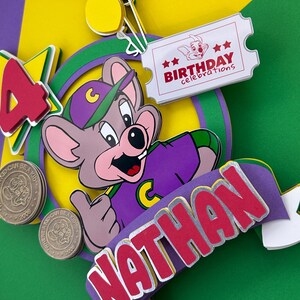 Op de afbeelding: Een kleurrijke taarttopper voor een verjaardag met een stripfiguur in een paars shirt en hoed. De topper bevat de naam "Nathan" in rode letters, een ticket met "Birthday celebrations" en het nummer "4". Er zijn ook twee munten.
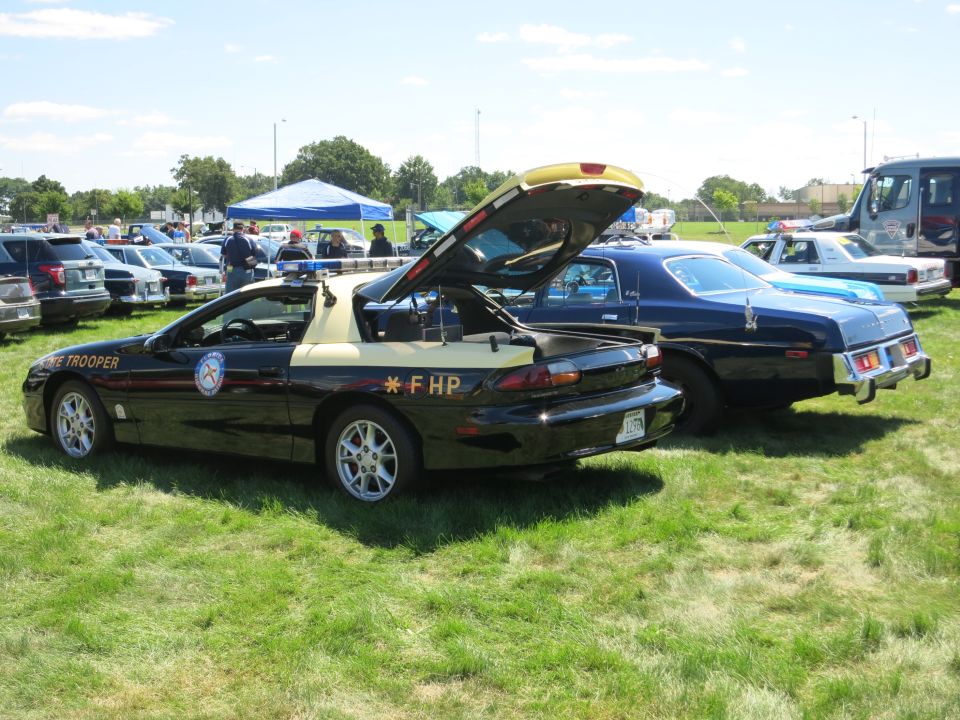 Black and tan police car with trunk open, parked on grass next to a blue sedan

◇ ◇ ◇ ◇ ◇ ◇ ◇

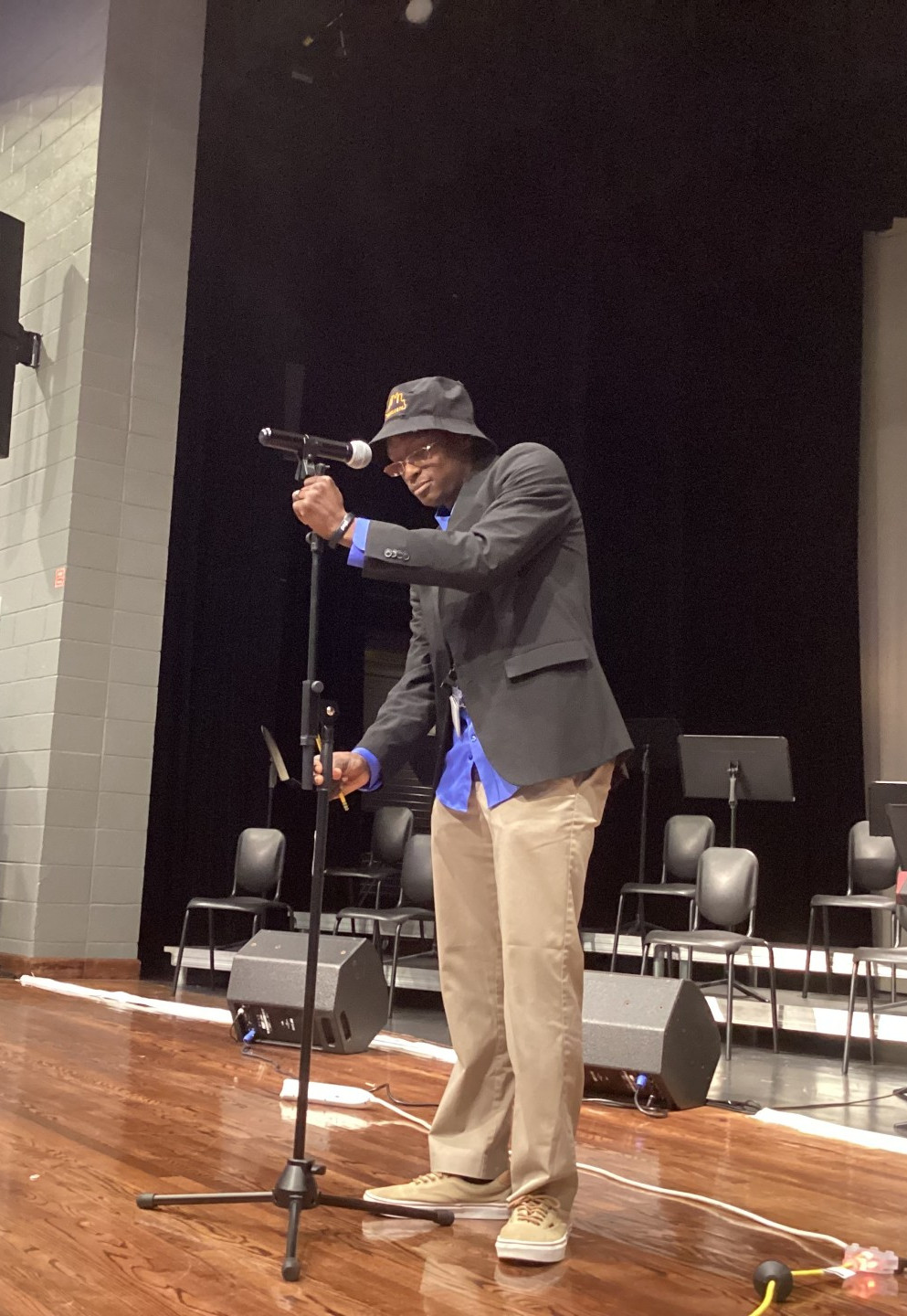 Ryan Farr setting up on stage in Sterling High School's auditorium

◇ ◇ ◇ ◇ ◇ ◇ ◇

Exercise description »
Write back word for word every line in the entries above from the one with "Op de afbeelding: Een" to the one with "Black and tan", ends included, and none of the pictures.

Reply to the task »
 Op de afbeelding: Een kleurrijke taarttopper voor een verjaardag met een stripfiguur in een paars shirt en hoed. De topper bevat de naam "Nathan" in rode letters, een ticket met "Birthday celebrations" en het nummer "4". Er zijn ook twee munten.
 Black and tan police car with trunk open, parked on grass next to a blue sedan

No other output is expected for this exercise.